Problem to work on
Nothing but the lines below from the one holding "Sin tereré ni" up to and including the one holding "Red Roof Inn" should be copied, exactly and without pictures.

Records
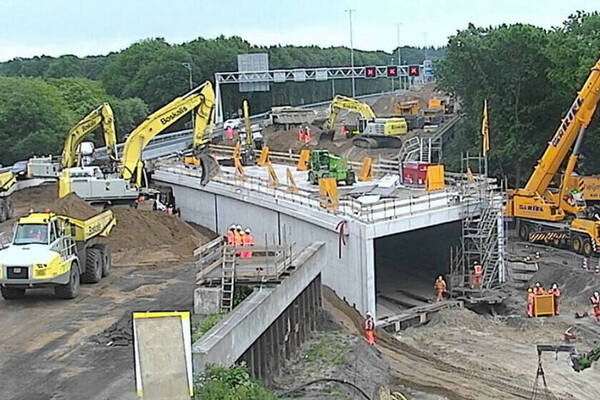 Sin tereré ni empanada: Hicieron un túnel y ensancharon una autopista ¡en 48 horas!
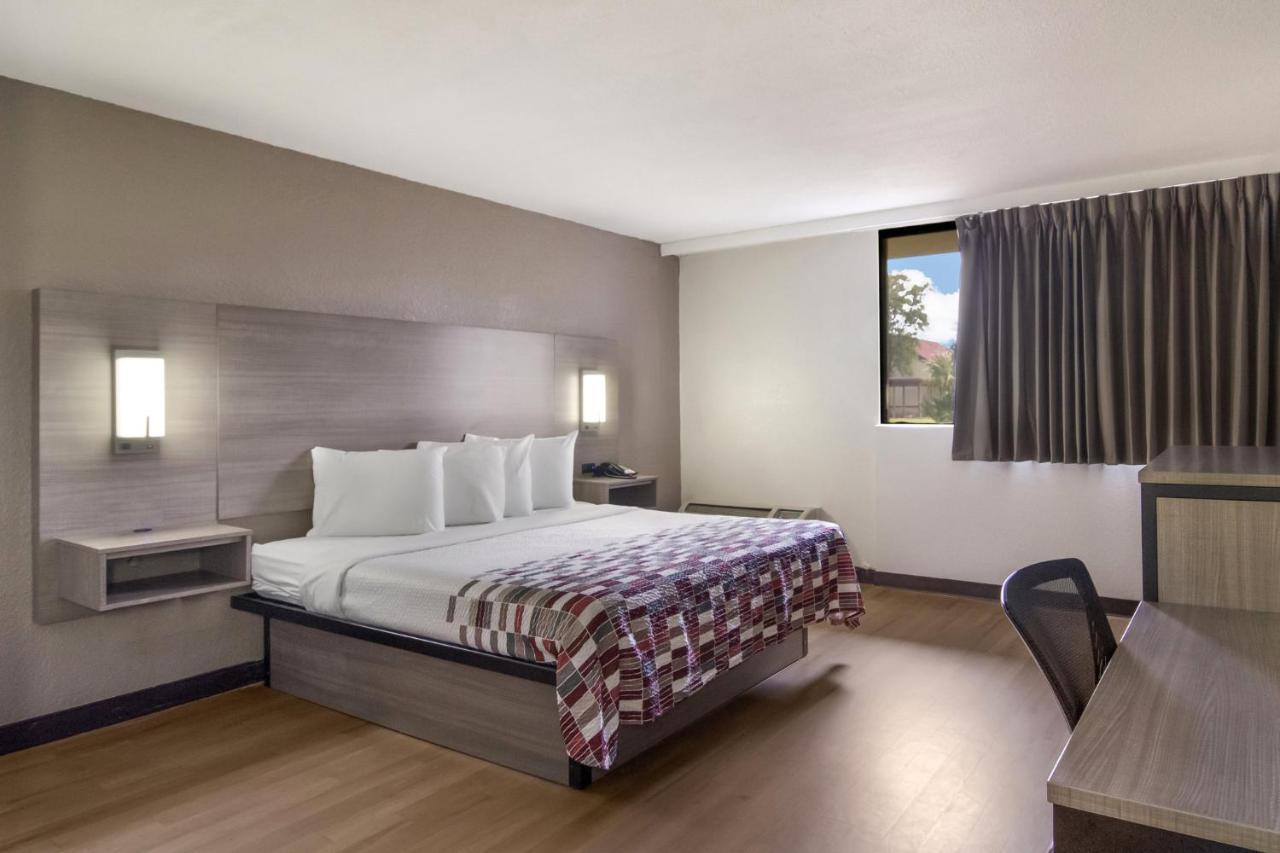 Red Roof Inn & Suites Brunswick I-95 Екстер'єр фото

...

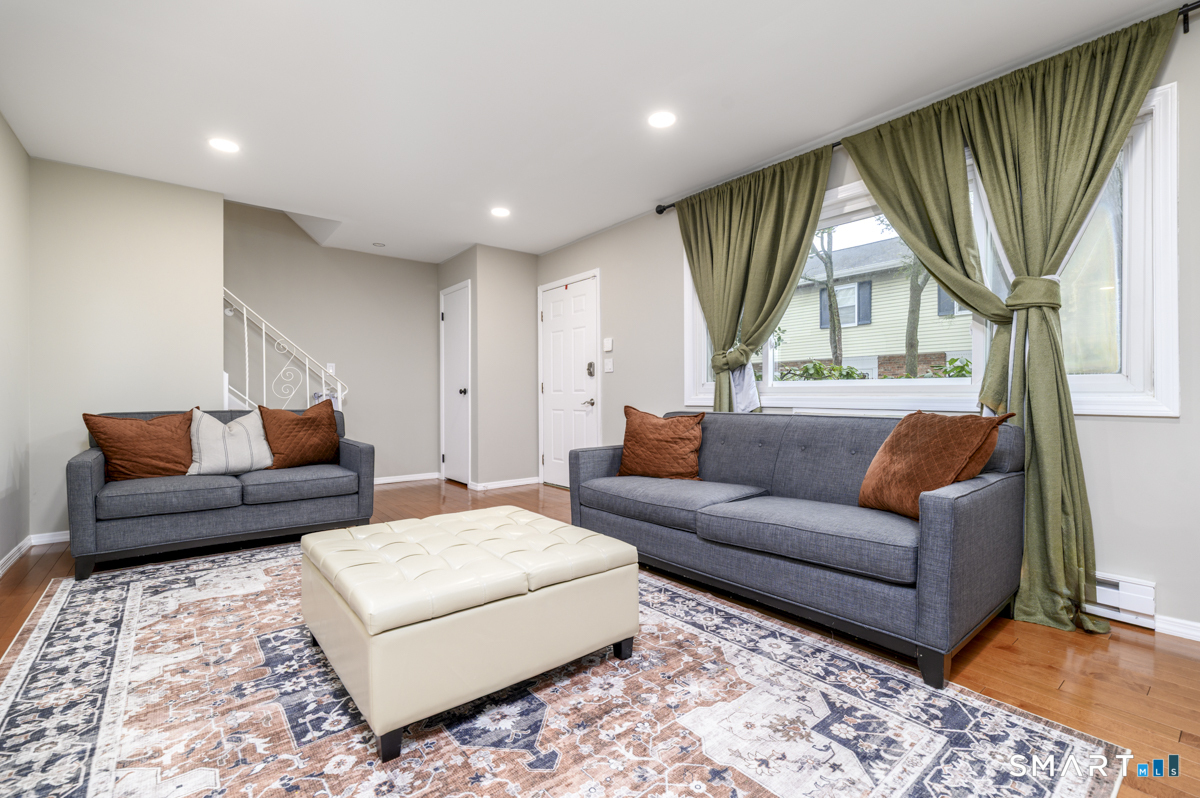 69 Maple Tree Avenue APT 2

Task result
 Sin tereré ni empanada: Hicieron un túnel y ensancharon una autopista ¡en 48 horas!
 Red Roof Inn & Suites Brunswick I-95 Екстер'єр фото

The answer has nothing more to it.